§ **Dataset excerpt**:
=== Section Start ===
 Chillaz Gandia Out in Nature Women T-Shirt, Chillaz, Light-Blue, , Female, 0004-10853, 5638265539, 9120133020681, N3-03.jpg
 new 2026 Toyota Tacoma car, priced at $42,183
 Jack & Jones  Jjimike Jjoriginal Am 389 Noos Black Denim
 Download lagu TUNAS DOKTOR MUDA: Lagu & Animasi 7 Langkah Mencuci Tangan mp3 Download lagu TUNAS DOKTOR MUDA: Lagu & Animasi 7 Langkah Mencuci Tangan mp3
=== Section End ===
§ **Work request**:
Starting at the line that contains "new 2026 Toyota", repeat each line exactly through the last one in the listing. Include both of those lines and nothing more.

§ **Solution to this task**:
 new 2026 Toyota Tacoma car, priced at $42,183
 Jack & Jones  Jjimike Jjoriginal Am 389 Noos Black Denim
 Download lagu TUNAS DOKTOR MUDA: Lagu & Animasi 7 Langkah Mencuci Tangan mp3 Download lagu TUNAS DOKTOR MUDA: Lagu & Animasi 7 Langkah Mencuci Tangan mp3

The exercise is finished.